La exquisita fotografía de Dan Laustsen, en compañía a las melodías de Nathan Johnson y las interpretaciones del reparto —un feroz Bradley Cooper, Cate Blanchett como femme fatale quintaesencial—, se combinan en una experiencia plástica de primer orden. Todo en ella denota la voluntad de Del Toro por asomarse al cine negro desde la pasión, pero también partiendo de una desmesura finalmente autocomplaciente. El callejón de las almas perdidas dura una hora más que la versión del 47. Y se nota.
No dura más porque profundice en los temas o incorpore elementos reseñables: su absurdo metraje de 150 minutos se desarrolla a costa de sobreexplicarlo todo y alargar situaciones obedeciendo únicamente a lo cómodo que Del Toro se siente en este ambiente. Cuanto más iterativa es El callejón de las almas perdidas, en sintonía, más potencia pierden sus ideas, y con mayor virulencia arrojan al filme a la consideración de pomposo capricho que solo es capaz de remitirnos a épocas donde la concisión, felizmente, estaba a la orden del día.

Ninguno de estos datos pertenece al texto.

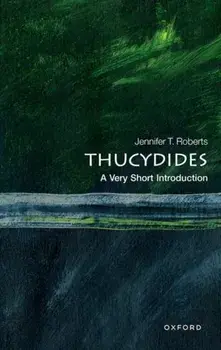 Thucydides. A Very Short Introduction, Paperback/***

Por culpa de este exceso y de su solemnidad militante —que nos hace temer a un Del Toro domesticado tras triunfar académicamente con La forma del agua—, El callejón de las almas perdidas se queda a kilómetros del magnetismo del filme al que rinde pleitesía. Es incapaz, por tanto, de responder a su espectáculo autoconsciente con otro espectáculo a la altura, e incide involuntariamente en cómo parte de las grandes ficciones del siglo XX apuntan hoy a haberse quedado obsoletas. Gresham estaría satisfecho, después de todo.